Russell Wilson spielt seine fünfte Saison als Quarterback in der National Football League und hatte bisher immer mit leichten Formschwankungen zu kämpfen. Nach sieben Spieltagen hat er bisher nur fünf Touchdowns geworfen und steht mit seiner Offense auf Platz 22 aller NFL-Teams (336.7 Total-Yards per Game). Durch das Karriereende von Marshawn Lynch, dem Top Running Back der letzten Jahre, versuchen die Seahawks bisher vergeblich an die Ergebnisse der Vergangenheit anzuknüpfen, mit nur 3.1 yards pro Lauf ist das allerdings nicht möglich. Momentan belegen Sie damit nur Platz 27 im Laufspiel, der weitere Saisonverlauf hängt also auch von den Leistungen der beiden Running Backs Christine Michael und Thomas Rawls ab.

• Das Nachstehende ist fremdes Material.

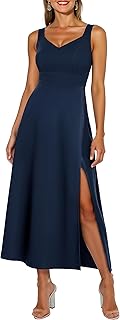 Bbonlinedress Women Fall Wedding Guest Dress Cocktail Formal Slimming Long Elegant for Gowns and Evening Dresses Navy M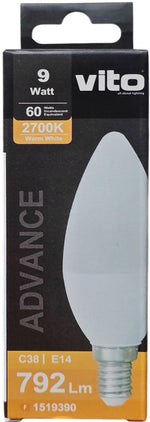 Lampadina LED C38 9W E14 792lm luce calda 2700k 1519390 6972538048271 EL374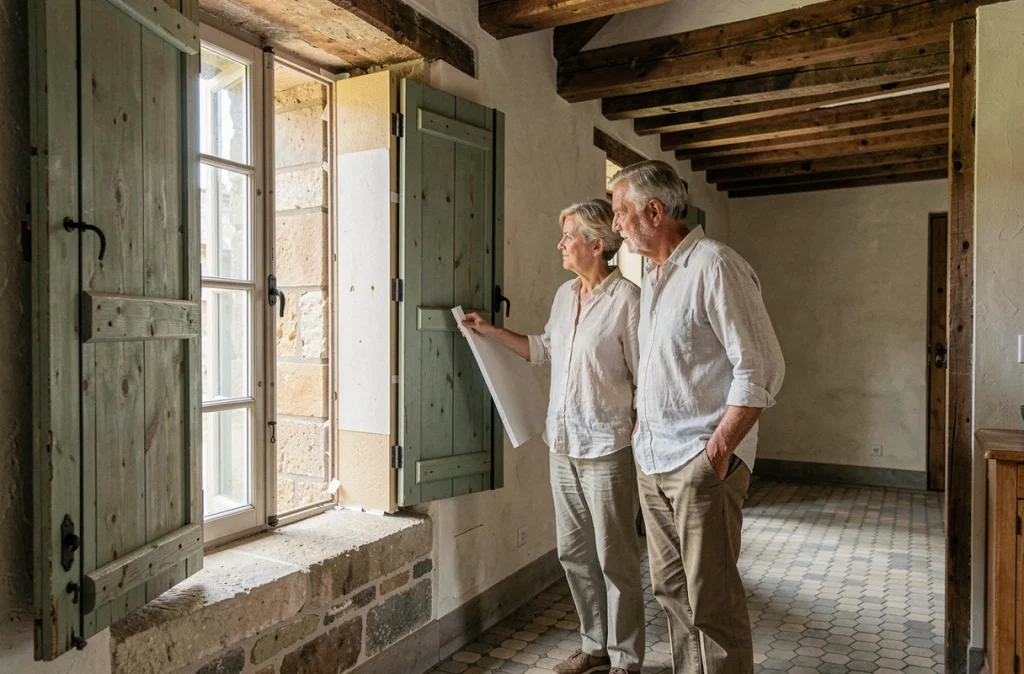Couple inspectant l'isolation intérieure d'une fenêtre à embrasure dans une maison de campagne française ancienne restaurée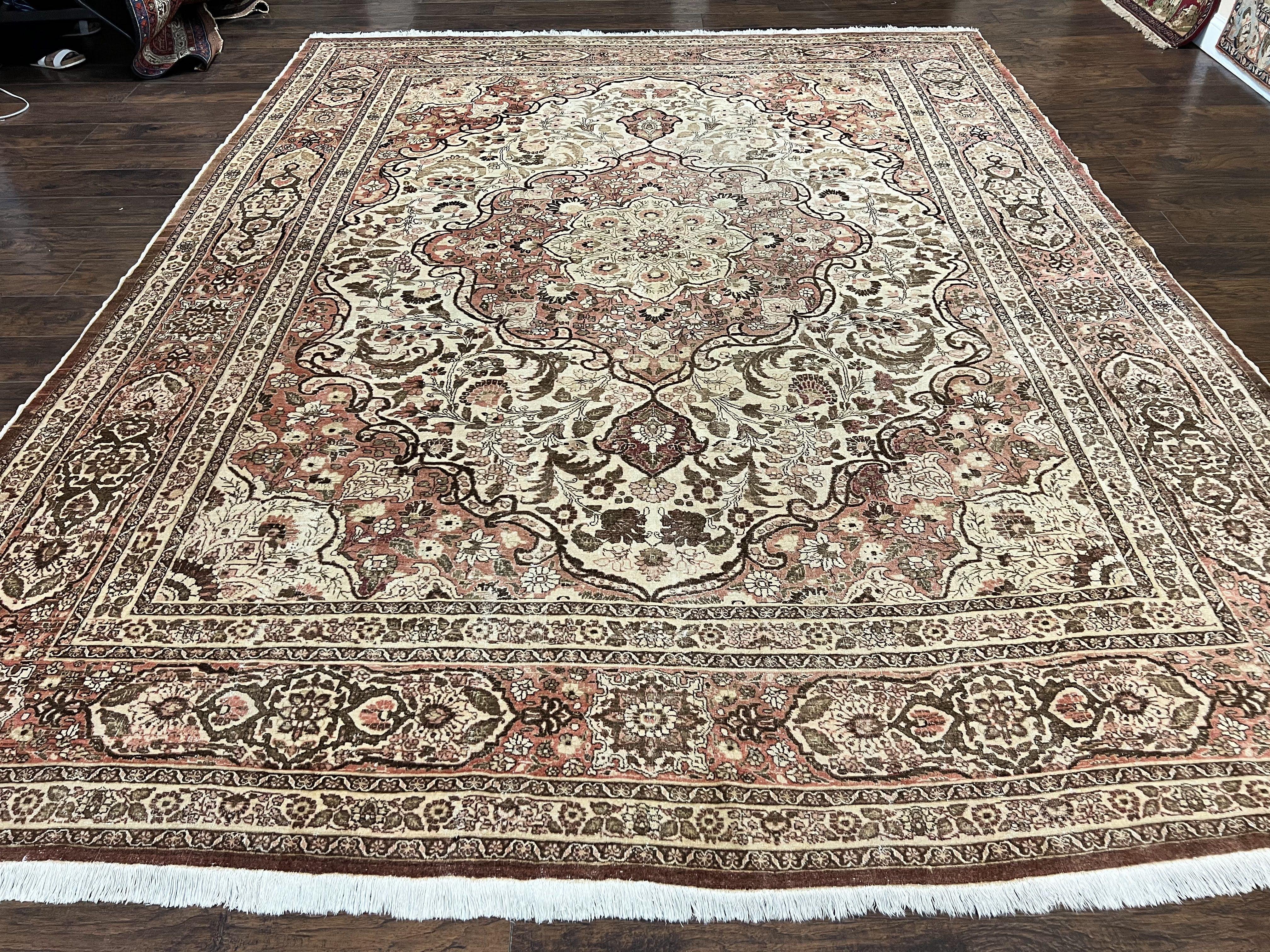 Antique Persian Tabriz Rug 10x12, Wool Hand Knotted Oriental Carpet, Beige Light Red, Floral Medallion - Jewel Rugs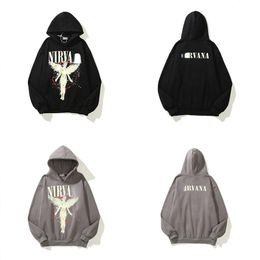Unisex Rock Angel Printing Hoodies Hip Hop Retro Sweatshirts Plus Size 5XL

Rawls kämpft momentan leider mit einer Fußverletzung und auch Russel Wilson plagt sich immer wieder mit einer Knieverletzung, wird am Sonntag jedoch gegen die New Orleans Saints auflaufen können. Bis zu den Playoffs sind noch einige Spiele Zeit um das Zusammenspiel zwischen Wilson und seinen Passempfängern zu verbessern. Doug Baldwin (WR) und Jimmy Graham (TE) konnten zwar jeweils schon über 400 Receiving-Yards sammeln, erzielten aber lediglich 3 Touchdowns. Hinzu kommen 165 Receiving-Yards von Wide Receiver Tyler Lockett (0 TD), der leider wie seine Kollegen zu wenig Gefahr ausstrahlt.

Die Defense macht’s

Die Seahawks erzielen zwar äußerst wenige Punkte, die Ergebnisse stimmen aber trotzdem. Das liegt an einer seit Jahren überragenden Defense,  die bisher nur 14 Punkte pro Spiel zulässt. Das ist der Top-Wert der Liga, zusammen mit den Minnesota Vikings. Die Defense ist bärenstark besetzt und kann auf den gegnerischen Quarterback sehr großen Druck ausüben. Das sieht man an den bisher 20 Sacks nach 6 Spielen, der sie auf Platz 4 der Sack-Statistik befördert.

Das Prunkstück der Defense ist seit Jahren jedoch die „Legion of Boom“. Die Secondary der Seattle Seahawks, welche für ihre harte und sehr erfolgreiche Spielweise bekannt geworden ist, findet sich in jeder Statistik in den Top 10 wieder. Sie spielen seit Jahre konstant und zwingen jede gegnerische Offense zu Fehlern.

Unterm Strich sieht man, dass sich die Seahawks nicht von ihrer schwächelnden Offense bremsen lassen. Sie haben zwar einige enge Spiele mit nur zwei Punkten Differenz gewonnen, doch am Ende zählt der Sieg. Um aber ein Super Bowl Favorit zu sein, müssen sich die Seattle Seahawks gerade in der Offense steigern. Der Leitspruch „defense wins championships“ stimmt zwar nach wie vor, doch die Konkurrenz schläft nie.

Am Sonntag treten die Seahawks Auswärts gegen die New Orleans Saints an, eine der schlechtesten Abwehrreihen der Liga. Man darf gespannt sein, ob dieses Spiel der Wendepunkt für Russel Wilson und seine Offense wird.